Le beau m’est revenu aussi. Les bougies allumées tout autour du monde, les banderoles, les dessins, les lumières. Les rassemblements spontanés, citoyens, humains. Des milliers d’hommes et de femmes qui forment une chaîne tout autour de la France pour montrer que nous faisons bloc. L’écho de nos manifestations dans chaque grande ville du monde. Les messages de soutien venant de partout, dans toutes les langues. Nous sommes beaux quand nous sommes Charlie.

Et puis, comme si ces souvenirs ne suffisaient pas, il m’a fallu allumer la radio, vite. Entendre d’autres que moi en parler. Savoir que je ne suis pas la seule à y penser. Constater qu’aujourd’hui c’est encore un peu hier, qu’on est encore sous le choc, dans l’incompréhension, dans la révolte.

Voir aussi que les artistes du monde entier répondent avec leur art. Ils dessinent, ils écrivent, ils chantent. Parce qu’ils peuvent encore le faire, eux. Parce que ceux qui sont morts ont lutté pour la liberté d’expression, et qu’il nous faudra l’utiliser encore et encore, et plus fort encore, pour leur rendre hommage. Pour que ce ne soit pas vain…

Partout, des dessins de crayons plus forts que les armes. J’aime ce message d’espoir. J’aime que l’art s’exprime encore. C’est avec ça qu’on arrivera à avancer. Avec du beau.

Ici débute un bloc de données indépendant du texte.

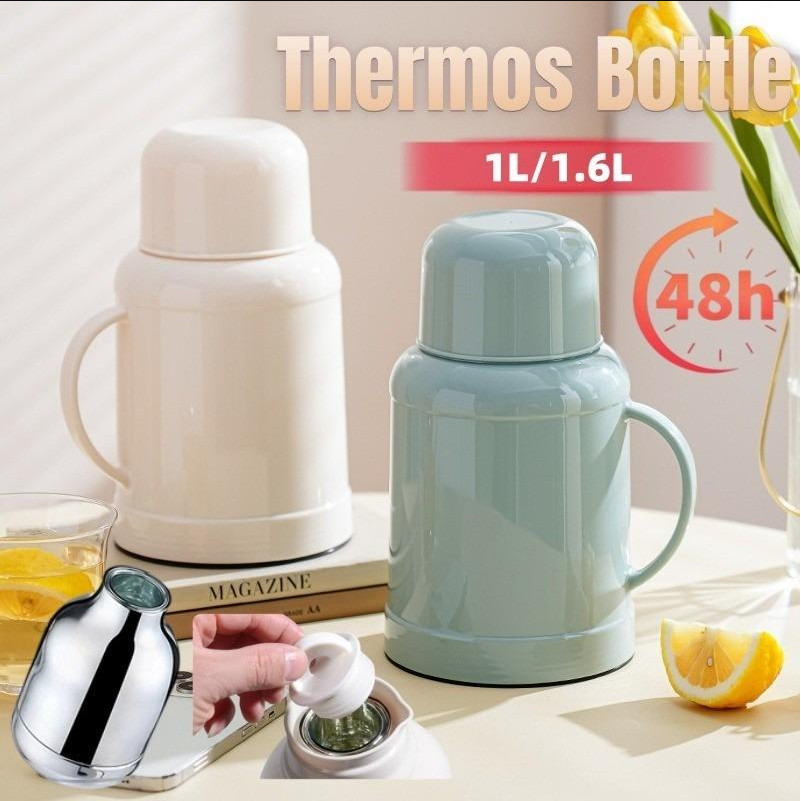 300ml thermos flask Tea Flask Cobalt Blue 300ml main image 1
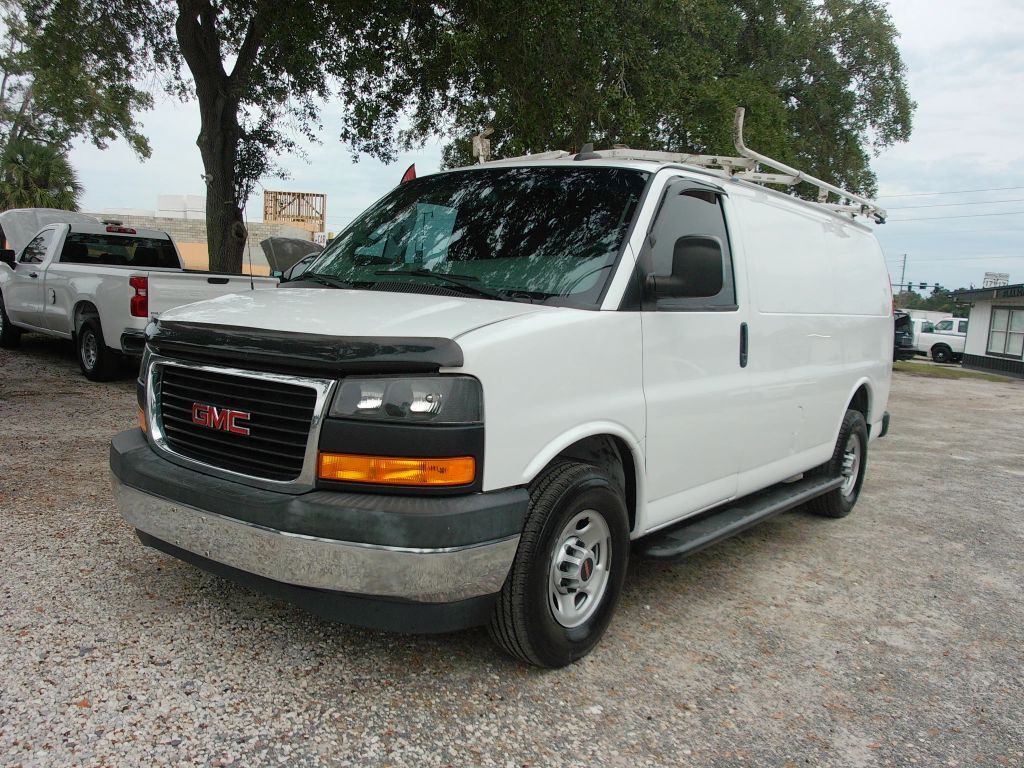 2020 GMC Savana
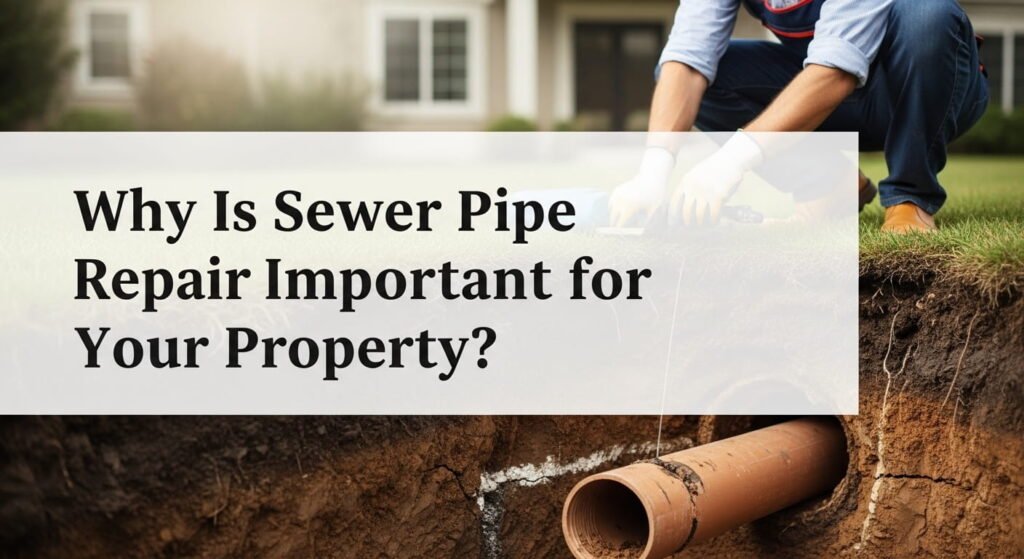 Why Is Sewer Pipe Repair Important for Your Property?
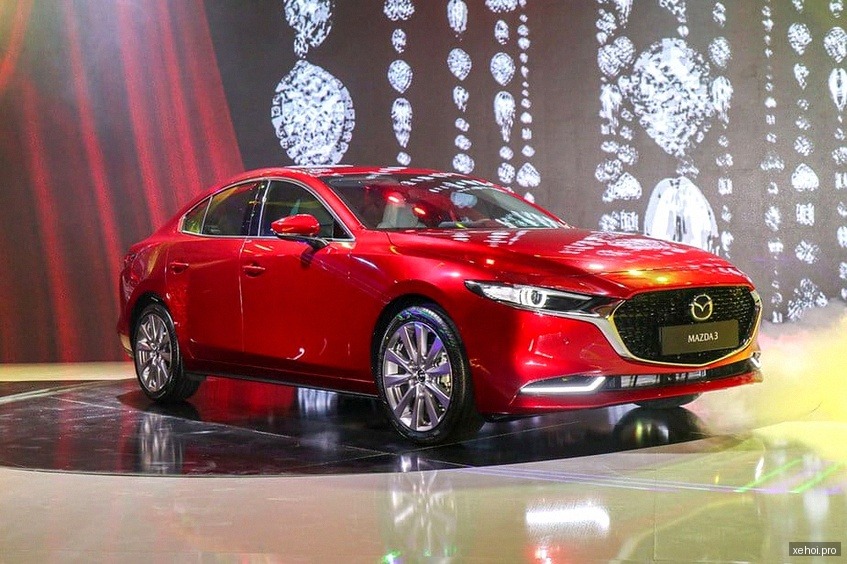 Mazda 3 1.5L Luxury - 2020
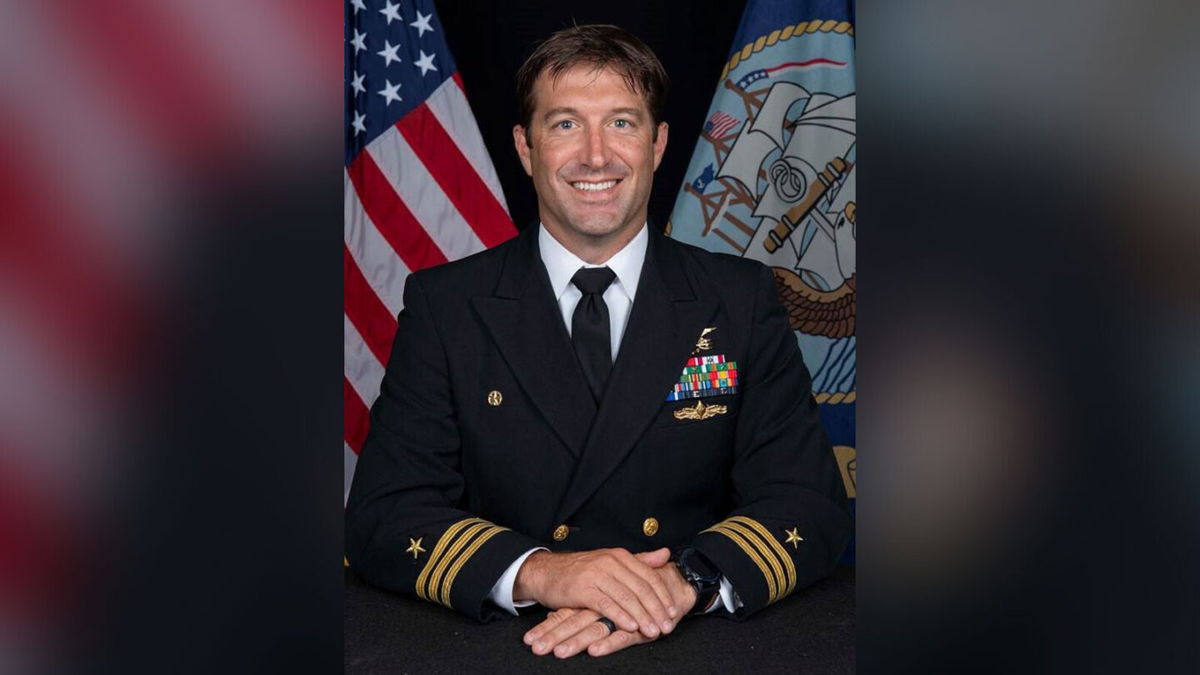 <i>US Navy</i><br/>The commander of the US Navy's SEAL Team 8 Brian Bourgeois died from injuries sustained in a training accident in Virginia Beach over the weekend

Aujourd’hui je suis en deuil, je suis triste et blessée. La femme, la Française, la citoyenne du monde, l’humaniste, la croyante, l’artiste, toutes mes facettes ont été meurtries hier. Toutes mes facettes pleurent. Mais je resterai debout, forte et vivante pour prolonger leur existence, et je parlerai pour ne pas qu’on entende le silence criant de leur absence.

Aujourd’hui, moi aussi je suis Charlie.